I shouldn’t be surprised that a book called The Vacationers turned out to be such a beach read, pure fluff sucked down my brain tube in mere hours, requiring no thought process, no chewing, no mulling or appreciation of language. If there’s one thing that I require of my beach reading, it’s that I don’t stub my toe on the 2nd paragraph and puzzle over its meaning. I choked as I was meandering along and had to re-read it a few times. It sits like a brick in the middle of a pristine tub of water – inexplicable. Which is unfortunate, because the first paragraph, nay, first sentence had such promise. “Leaving always came as a surprise, no matter how long the dates had been looming on the calendar.” We see Jim, rushing around to pack for a vacation, and can hear his wife and daughter in similar thrashing through the house.
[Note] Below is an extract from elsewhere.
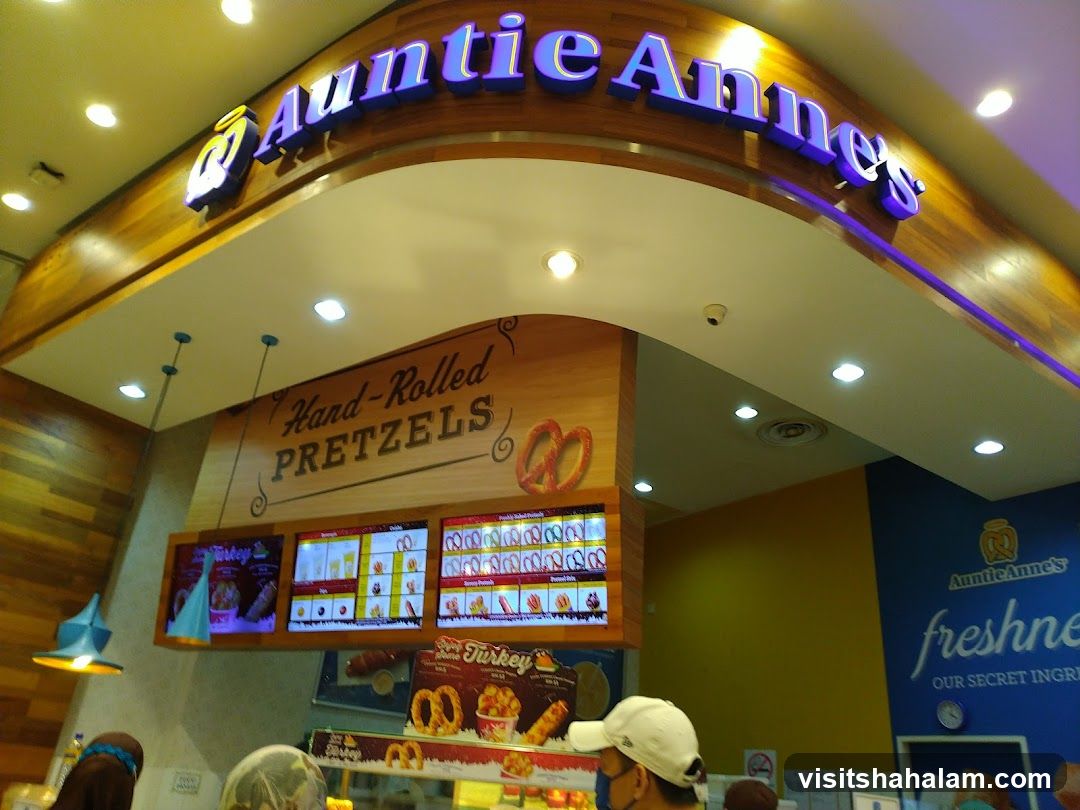 Auntie Anne's Pretzel Shop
But then, the thudding reject of paragraph 2:
There were things Jim would have taken out of his bags, if it had been possible: the last year of his life, and the five before that, when it came to his knees; the way Franny looked at him across the table at night; the feeling of himself inside a new mouth for the first time in three decades, and how much he wanted to stay there; the emptiness waiting on the other side of the return flight, the blank days he would have to fill and fill and fill. jim sat down at his desk and waited for someone to tell him that he was needed elsewhere.
I get that Straub wants us to slowly unravel the mystery of the unraveling marriage between Franny and Jim, but what is he, a dentist? “inside a new mouth for the first time…” leaves a lot to be desired in terms of hints of infidelity. But even that first bit, “the last year of his life, and the five before that, when it came to his knees.” Is he getting old? Or is he begging for so much forgiveness over the last 5 years that his knees are giving out?
Suddenly, we meet Sylvia, out on the street hailing a cab. It becomes apparent in a bit that Jim is her dad. The Manhattanites are headed to Mallorca for a family vacation, meeting brother Bobby and his girlfriend, along with Fanny’s dear friend Charles and his husband. Two weeks in a friend’s house on an island of Spain, drama ensues. The son cheats on his girlfriend in front of his sister, much to her disgust. The father’s infidelity comes out, and Charles punches Jim. Charles & hubby Lawrence find out predictably that they are chosen as the parents for an adopted boy. Sylvia loses her virginity to her Spanish tutor. Franny dashes off to get tennis lessons from a famous pro and knocks herself unconscious and later has lunch with the instructor while hubby Jim is spying on her on the back of new friend Terry’s motorcycle. It’s all very whirlwind and good-ending-y, if that’s your cup of tea.